Gevlon, assuming employers are rational and prefer to pay someone the least they can get away with, what you said is untrue. It is not just your employer that values your labor at $100 per hour, but competing employers must value it somewhere in that range as well. That is what the market bears for that type of work, so therefore that is why you are paid that.

And yes, Anya, I am making a judgment on the way other people may play WoW. I think some activities can be judged to be boring based on their monotony and lack of reasonable reward compared to other activities. And if someone is insisting on doing a highly monotonous activity for little reward, in their "spare game time", a certain conclusion can be drawn from that, and I am drawing it. Based on my knowledge that you are a human being living in a human society, I am generally familiar with opportunities you may have in this human world. And mining vendor trash in WoW is a really really poor allocation of your resources. If you think that is fun, you should re-evaluate your definition of fun.

zwinglisblog said...

Just thinking a little bit...possibly a very little bit. You be the judge.

I believe there are some noble jobs out there. I believe that the people doing them either retract or enhance the "nobleness" of the job. I understand this is strictly my opinion. For me, people with jobs of service tend to stand out. People that work in the Emergency Response domain, Medical Care, Education, etc. These people hold a very high place in my mind. The Janitor at the local school places higher than the Janitor at the professional sport complex down the way.

I know, its crazy. ;)

Pangoria Fallstar said...
This comment has been removed by the author.
Pangoria Fallstar said...

"Based on my knowledge that you are a human being living in a human society, I am generally familiar with opportunities you may have in this human world."

My son's asleep, I'm waiting in LFG for PuG heroic. I go mine what someone else doesn't and make 80g an hour from vendor trash, while spamming LFG channel. I'm sitting here doing my hobby.

All hobbies are a "waste of time". But we enjoy doing it, ie FUN. Is the vendor trash mining really fun? No. But the gold I make by being lazy while saying stupid things in LFG, "Pimp Healer lfg HC, you deal, I heal, he peels".

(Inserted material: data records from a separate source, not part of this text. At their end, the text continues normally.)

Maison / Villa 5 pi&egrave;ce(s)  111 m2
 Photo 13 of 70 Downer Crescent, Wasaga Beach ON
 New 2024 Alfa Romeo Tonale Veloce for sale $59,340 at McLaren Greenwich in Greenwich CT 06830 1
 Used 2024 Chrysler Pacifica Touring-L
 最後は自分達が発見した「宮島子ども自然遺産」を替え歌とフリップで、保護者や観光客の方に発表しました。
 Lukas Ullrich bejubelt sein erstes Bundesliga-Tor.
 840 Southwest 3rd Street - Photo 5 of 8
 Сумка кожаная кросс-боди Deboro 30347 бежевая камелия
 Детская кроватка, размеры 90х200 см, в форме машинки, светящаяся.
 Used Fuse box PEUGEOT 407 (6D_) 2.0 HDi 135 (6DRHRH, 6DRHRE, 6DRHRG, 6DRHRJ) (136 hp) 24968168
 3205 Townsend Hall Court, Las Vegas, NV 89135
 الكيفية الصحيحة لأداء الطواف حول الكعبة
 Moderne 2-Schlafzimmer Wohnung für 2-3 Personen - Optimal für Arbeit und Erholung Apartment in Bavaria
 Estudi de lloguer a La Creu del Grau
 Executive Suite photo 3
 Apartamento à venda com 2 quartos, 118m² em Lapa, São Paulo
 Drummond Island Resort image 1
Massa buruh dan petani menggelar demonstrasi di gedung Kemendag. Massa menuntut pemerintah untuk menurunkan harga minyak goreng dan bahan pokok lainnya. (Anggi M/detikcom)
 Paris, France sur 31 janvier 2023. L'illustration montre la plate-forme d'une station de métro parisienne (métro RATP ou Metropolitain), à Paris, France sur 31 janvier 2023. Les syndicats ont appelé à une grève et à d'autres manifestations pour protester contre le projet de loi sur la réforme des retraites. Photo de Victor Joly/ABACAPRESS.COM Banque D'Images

You,Geoffry, cannot tell me what I find to be fun. You may not find it fun and have your opinion about it, but you can't tell me that I don't find it fun.

And you come into here, saying you used to play WoW. Now you do something better with your life because it was less ass-kickery, and more grinding right? Good for you. People here are still enjoying this hobby. We really couldn't care less about you thinking you are better now that you don't play. Fact is, whatever you are doing now as a passtime is just as much a waste of time as playing wow.